If Thursday night offered an accurate reflection of what the playoffs will be like, we’re going to have a grand ol’ time this spring.
In San Antonio, the first in a series of high-profile throwdowns unfolded, as the homestanding Spurs fended off the Cleveland Cavaliers, 99-95. It’s not as though San Antonio shouldn’t be happy with this win, but as these teams left the court, they knew this was merely a preliminary bout. In the Spurs’ case, it is known that a date with Cleveland in the NBA Finals involves getting past one towering obstacle, if not two.
Gregg Popovich and LeBron James shared a laugh as they parted following the Spurs’ narrow win over the Cavs in the AT&T Center. LeBron’s laugh might have been the bigger one, because he knows that San Antonio and Golden State — not to mention Oklahoma City and the Clippers — are all in the other conference. Given the NBA’s refusal to use a blended 1-through-16 seeding system for the playoffs, Cleveland stays safely on the other side of the bracket through the first three rounds. LeBron knows, deep down, that he’ll be waiting in the Finals.
The Spurs?
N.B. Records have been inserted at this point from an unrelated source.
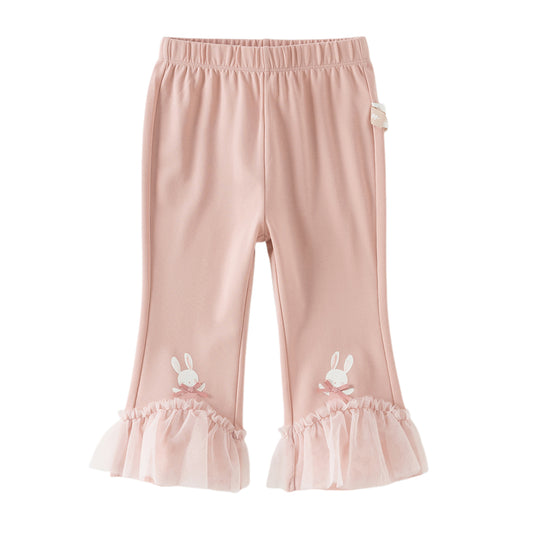 Dave&Bella Toddler Girls Summer Grey Pink/Beige Comfortable Stretchable Casual Pants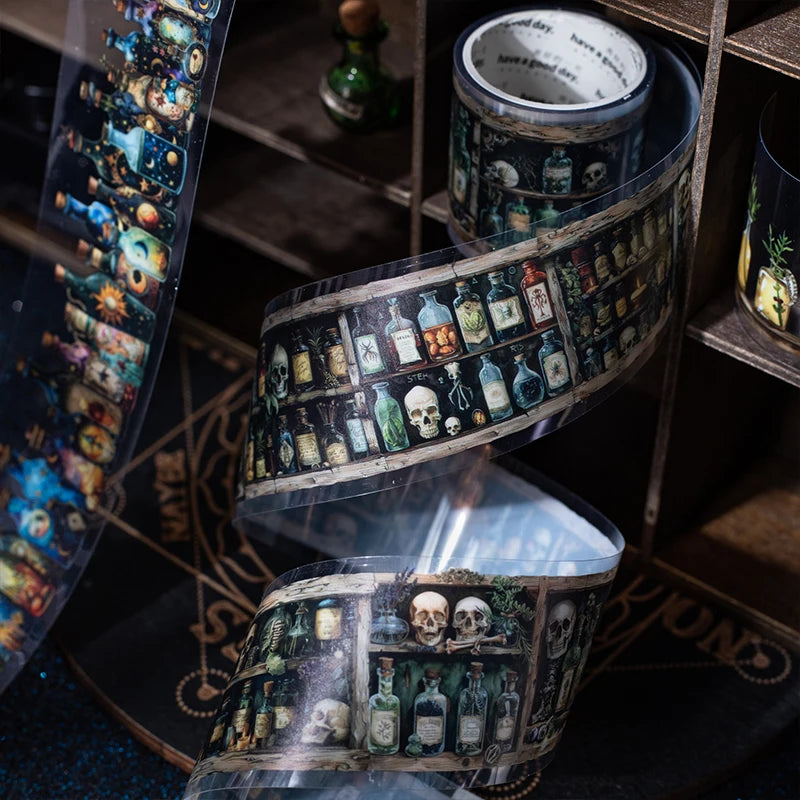 40mm*2m PET Tape Witch's Potion Bottle Stickers DIY Scrapbooking Hand Account Adhesive hand made Diy Junk Journal Craft Supplies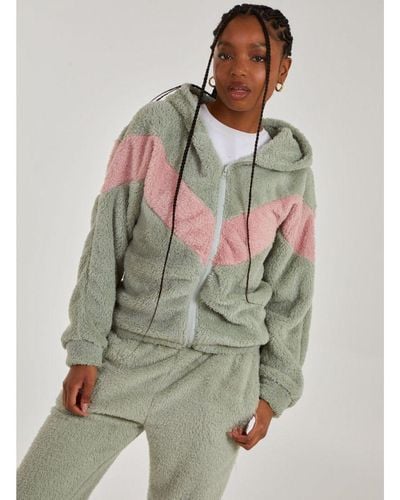 Pink Vanilla Vanilla Teddy Colour Block Hooded Sweatshirt - Green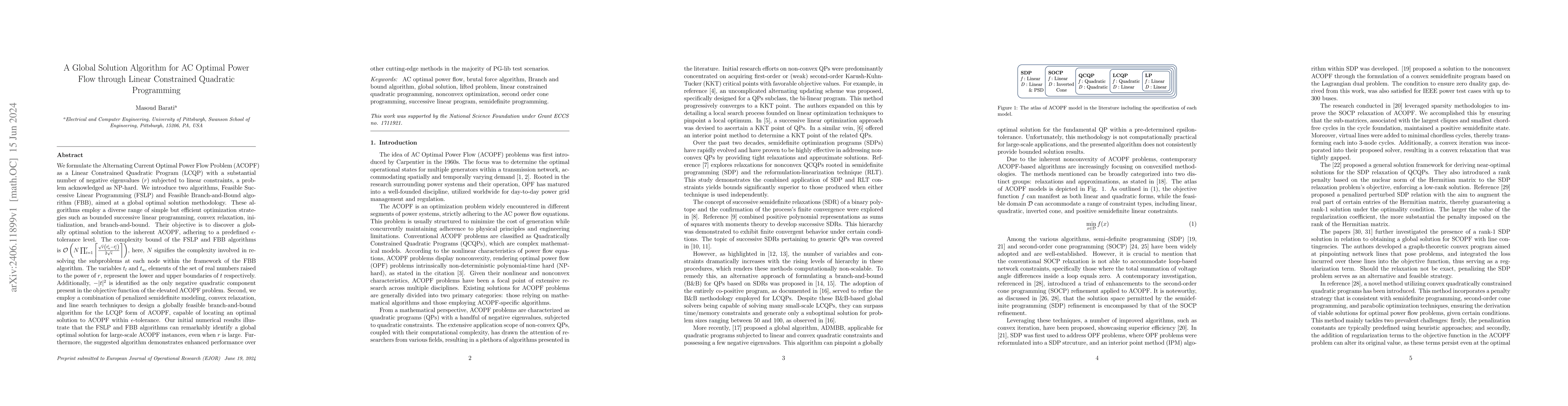 Thumbnail for A Global Solution Algorithm for AC Optimal Power Flow through Linear
  Constrained Quadratic Programming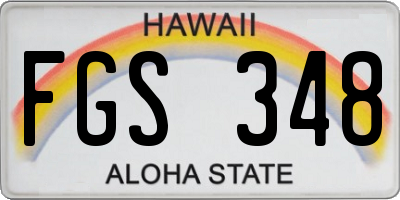 HI license plate FGS348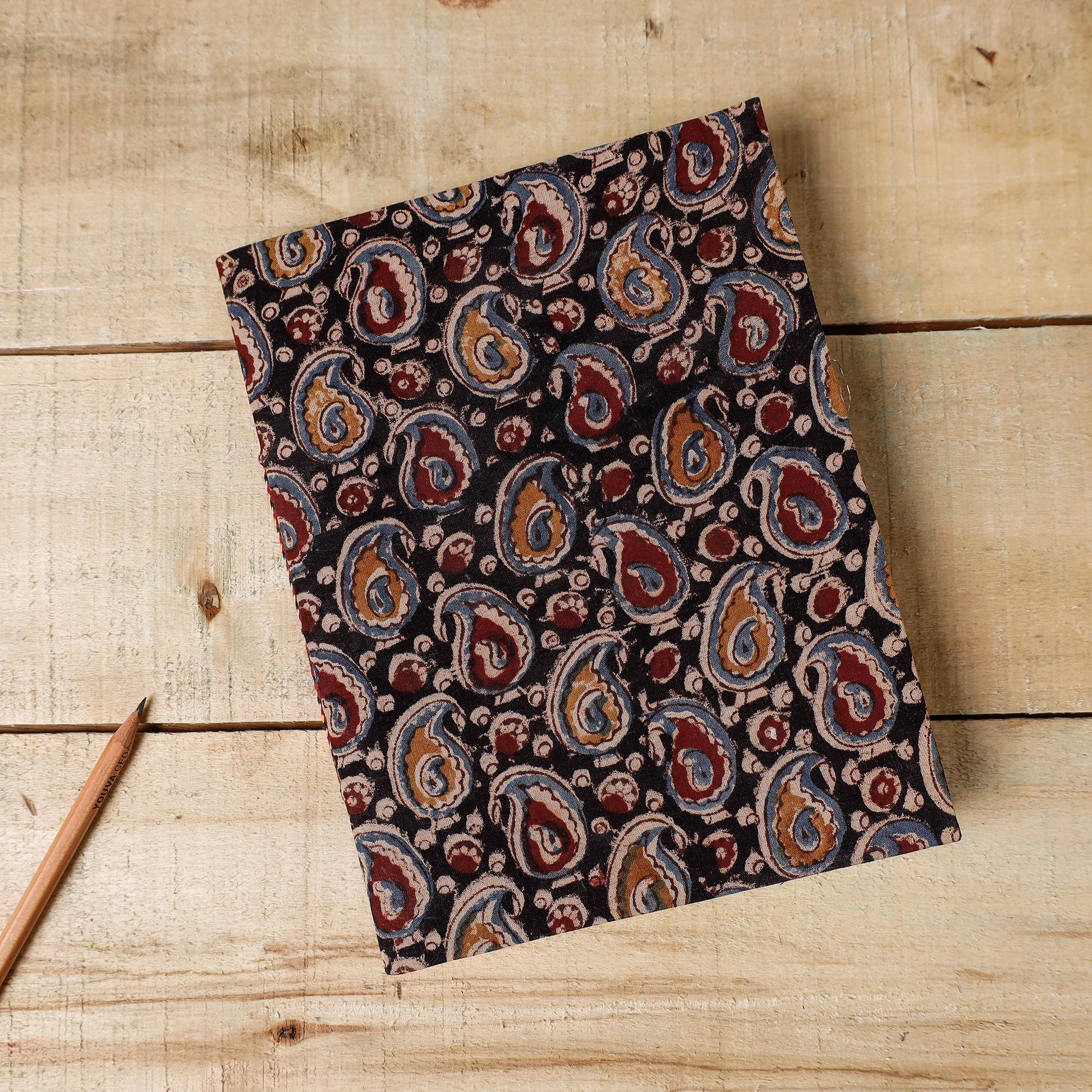 Black - Kalamkari Fabric Cover Handmade Paper Notebook (9 x 7 in)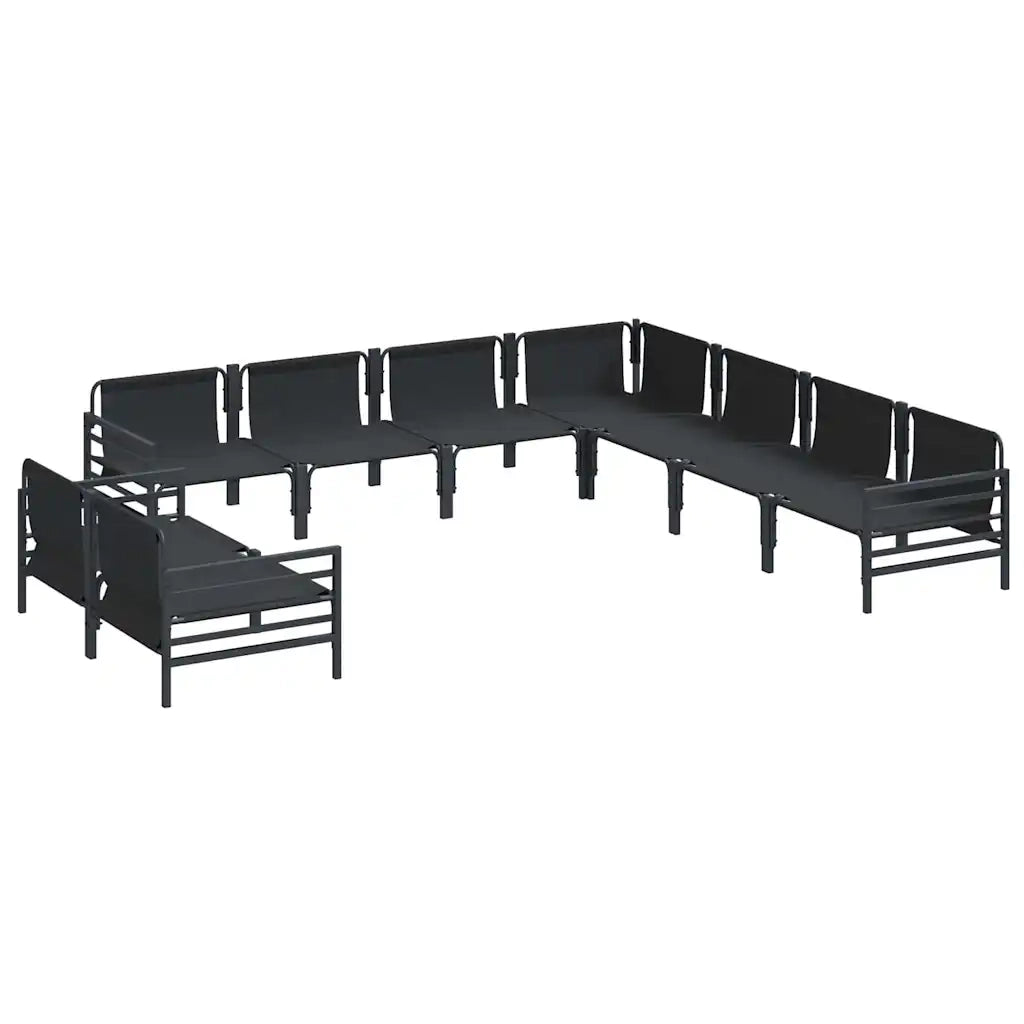 Set Divano da Giardino con cuscino 9 pcs Nero Acciaio 3379002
They have the headache of knowing that they’re on a 70-win pace at the midpoint of their season (35-6 through 41 of the 82 on the slate)… and aren’t even the clear-cut number-one team in the league.
That’s the kind of realization which makes it hard for the Spurs to derive too much satisfaction from a January win over a Cleveland team near the end of a very long multi-time-zone road trip.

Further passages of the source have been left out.